Robert Duvall [Height: 5' 9 1/2", Age: 53 (In 1984), Notable Works: True Confessions, Apocalypse Now, The Natural]: Robert is a Veteran actor, a great mind on set and well known for giving some downright legendary performances. He is a Francis Ford regular, and originally I didn't have Dr. Bloom in this cast, but remembering how he was a key figure it was important to add him in. Robert has an intelligence about him that really allows him to access that and would be a great actor for this role.
Kim Cattrall [Height: 5' 6 1/2", Age: 28 (1984), Notable Works: Rosebud, Ticket to Heaven, Porky's]: I'm a huge fan of Kim's work. She's always been great at balancing the tightrope between comedic and dramatic performances, always knowing when to switch, but it would be nice to see her in a role that really puts her under the gun and get her into a situation where she is as fearful for her life as she can be, and see how as an actress she portrays that.
Wil Wheaton [Height: N/A, Age: 12 (in 1984), Notable Works: The Secret of NIMH, The Buddy System, Hambone and Hillie]: Wil is an actor who everyone saw had raw talent. Child actors are known for being universally terrible but somehow he edged that out and became one of the greats. The age of him and his talent as an actor made him perfect for this role.
Michael Keaton [Height: 5' 9", Age: 33 (In 1984), Notable Works: Mr. Mom, Johnny Dangerously, Night Shift]: Michael Keaton is one of the best actors I've ever seen. He could have played Will or Lecter. But the nature of the timeline and his comedic background I elected him as scumbag Journalist Freddy Lounds. He's a great actor and has a great pedigree of playing morally questionable characters. Frankly he's just damn perfect for Lounds.
Kelsey Grammer [Height: 6' 1", Age: 29 (In 1984), Notable Works: Cheers, Kennedy, George Washington]: No one, I mean NO ONE in Hollywood has ever been able to absolutely play the most stuck up unlikeable (or likeable for that matter) prick like Kelsey. He's got the attitude and presence to really pull this role off as well as Anthony Held ever did.
John Hurt [Height: 5' 9", Age: 44 (In 1984), Notable Works: 1984, The Elephant Man, Alien]: John is a remarkable actor, He's exactly how one would picture Lecter only from reading the book. He's a small man, with the perfect complimenting features to portray Lecter. But he has a very inherently sinister voice, and that voice can switch from polite banter, intellectual conversation, to downright hateful manipulation. He's in all forms what would have been the perfect actor for Lecter in the 1980's.

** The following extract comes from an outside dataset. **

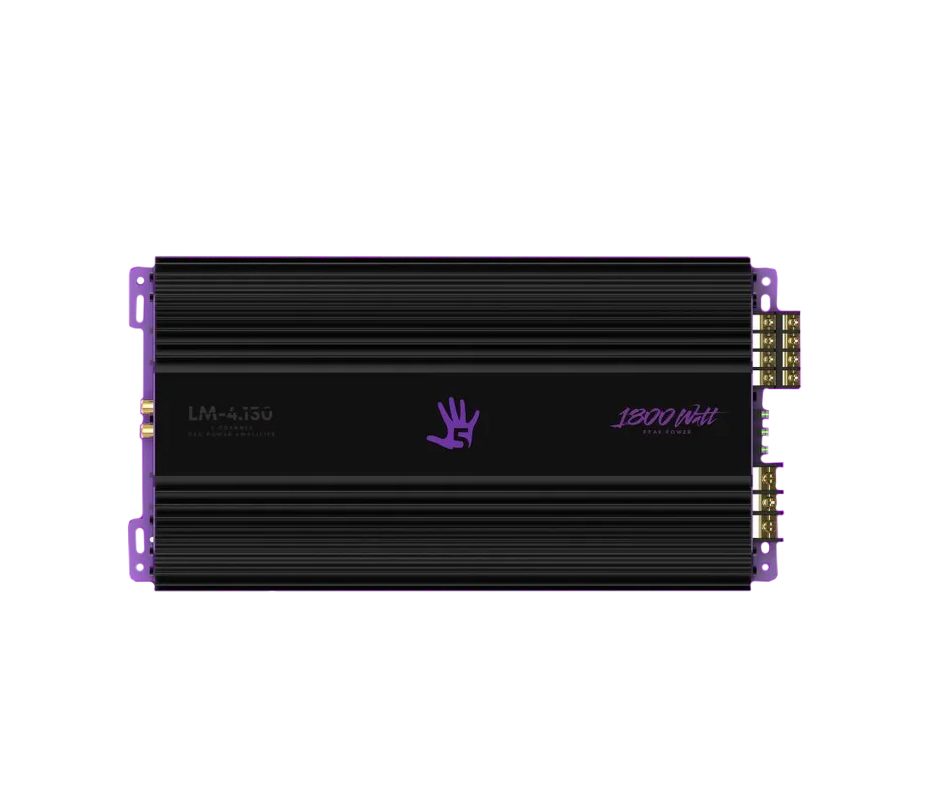 FIVE | LM-4.130 | 4x130вт Bass Boost, Low-pass | превью 2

Jamie Lee Curtis [Height: 5' 7", Age: 26 (In 1984), Notable Works: Halloween, Terror Train, Trading Places]: I'm a Jamie fan. I love her work, she's a talented woman and seeing her in her early work it's very apparent she has always been a strong actress but hasn't really played a role quite like this. A role where she is intimately close but never realizes that danger, while also pulling a softer side for the performer opposite her. It's a challenge that would have been great to see her tackle, added on without the use of sight.
Rutger Hauer [Height: 6' 1", Age: 40 (In 1984), Notable Works: Blade Runner, Nighthawks, A Breed Apart]: Rutger is an actor who's made himself famous from playing sinister villains. He always adds a such a new dimension to his characters. Seeing him as Roy Batty in Blade Runner and comparing him to the other actors I was considering, he seemed like a perfect fit. He had a great athletic build, a frightening voice, and the talent to play such a maniac as Dolarhyde with the emotional turmoil the character faces. He would have been absolutely remarkable in the role.